The ambitious, overlong and overwritten novel is about a working-class boy who never learns. Like his father, Ernie Mott aspires to be a painter; but he's sidetracked by flashy mobsters. Eventually, he stops talking about art and begins carting a gun. 'The gun felt like some old pal … kind of cool and steady, ready to do a job without no backchat or fuss.' As his mother lies dying of cancer, Ernie for a moment grows fearful of impending loneliness. 'Funny how the whole place was sort of dead cold without her … He started shaking so much he could hardly make a move, and the place was coming over dark with the grey of rain outside.' By the end, however, Ernie is back to oblivion: 'He was going to get a suit like Jim, and a tie pin, and proper look the part of The Smasher. He started feeling sorry for everybody going to work, because there was no need of it.'
The movie Ernie Mott is of a different, romantic breed: an instantly recognizable Odets dreamer, wishing for so much more than his assigned slum-life existence. As Cary Grant's Ernie Mott walks through London, a voice proclaims: 'The Story of Ernie Mott, who searched for a free, a beautiful and noble life in the second quarter of the twentieth century.' The conflict is pure Odets from the time of Awake and Sing!: the head-in-the-clouds son versus the materialistic mother. Ernie's mother wants her son in her second-hand shop. But he objects: 'I'm not in the business of sweating pennies out of devils poorer than myself.' In a patented Odets soliloquy, Ernie ponders his ambitions: 'Life is a piece of meat, when you know how … Take what you want? Right? Right! So that's what it's all about—either be a Victim or be a Thug. But suppose … suppose you don't want to be neither? Not a hare an' not a hound. Then what?'
Having discovered that his mother has cancer, Ernie decides for the time being to stay at home and help in the shop; and the movie's most tender scenes are those in which Ernie and his mother (Ethel Barrymore) come together as a true family. On the outside, however, Ernie chooses to run with the hounds: he joins a gang of thieves headed by Jim Mordinoy, having fallen in love with Mordinoy's girl, Ada. Odets takes Ernie through a swirl of London nightlife: it is a familiar film noir tale of the 40s, of the outsider whose love for a corroded woman weds him to a decadent and criminal, 24-hour-a-day nightclub life. The noir sections of the film are swift, hardboiled and laced with tart dialogue. When Odets makes mistakes they are personal rather than generic, such as overplaying a Jewish pawnbroker, a sententious character who acts as Ernie's conscience, or making too much of the dichotomy between dark Ada and nice Aggie, who plays the cello at night and loves Ernie loyally despite his errant ways.

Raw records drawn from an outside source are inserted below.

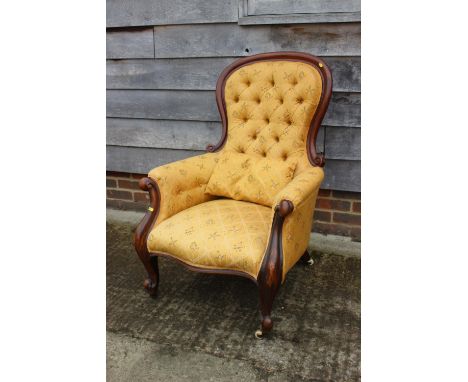 A Victorian mahogany showframe button back armchair, upholstered in a gold floral fabric, and a matching Victorian loop back 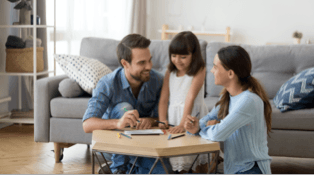 Image of family playing games in living room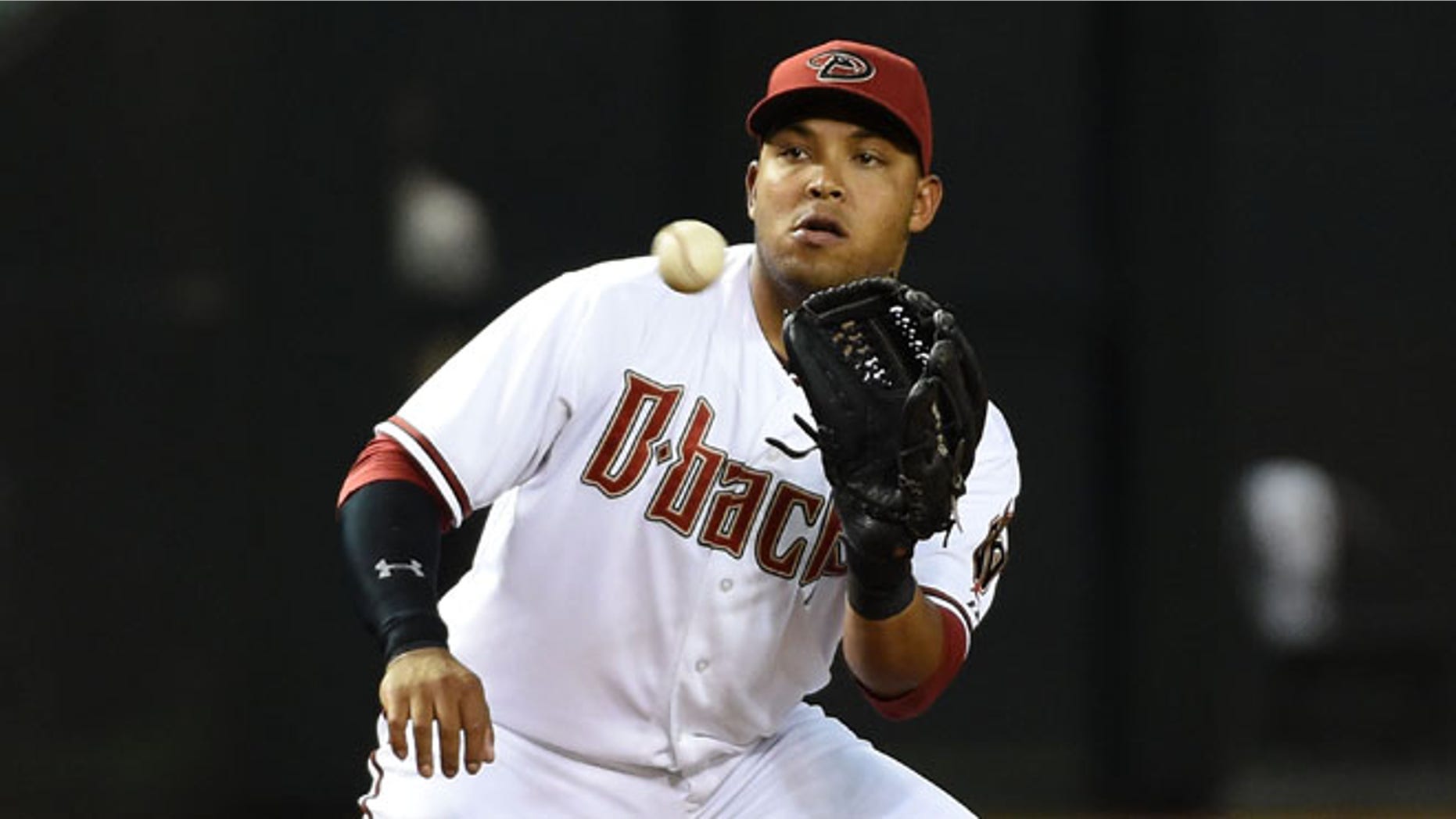 PHOENIX, AZ - APRIL 24: Yasmany Tomas #24 of the Arizona Diamondbacks catches a throw from the catcher after a strike out in the fourth inning against the Pittsburgh Pirates at Chase Field on April 24, 2015 in Phoenix, Arizona. (Photo by Norm Hall/Getty Images)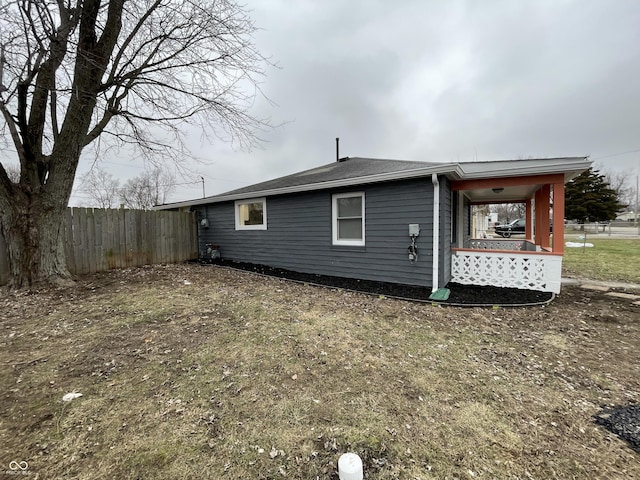 rear view of property with a lawn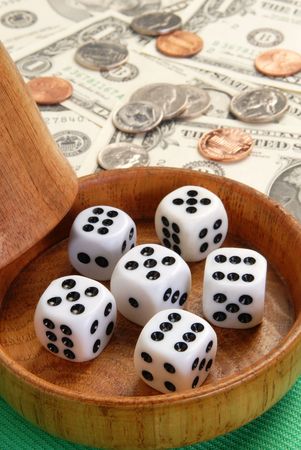 Five dice with a wood dice cup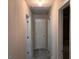 Hallway featuring neutral paint and carpet and doorways to bedrooms and a bathroom at 149 Titan Rd, Stockbridge, GA 30281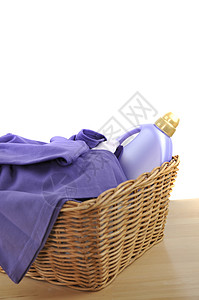 一个洗涤剂瓶子和紫色的洗衣放在木制桌图片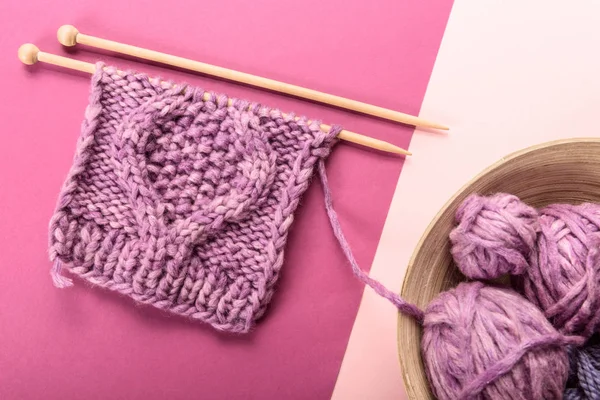 平躺在粉红色和紫色背景下 用紫色纱线在碗里包 用针织针织 — 图库照片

The last scenes of None But the Lonely Heart show Odets in the full flood of his romantic idealism, and they bear comparison with the final curtains of his best plays. The Cockney Orpheus has ascended from the underworld, given Ada back to the sharks and turned away from crime. London is about to be blitzed. He stands on a bridge and addresses his ageing pal, Twite: 'I'm dreaming, Dad, "a dream of a better man." Where's the decent, human life the books tell us about? When's the world coming out of its midnight? When's the human soul getting off its knees?' Twite reminds him that it sometimes takes a war. Ernie agrees: 'That's it, Dad, one thing is left. I see it plain as London town! Fight with the men who'll fight for a human way of life!' With that chivalrous pledge, Ernie descends from the bridge into the dark tentative city. The last shot is subdued: Ernie, all sobriety, standing at Aggie's door; he enters, but there is no shot of the lovers. Odets holds his camera on the street, keeping sentimentality at bay.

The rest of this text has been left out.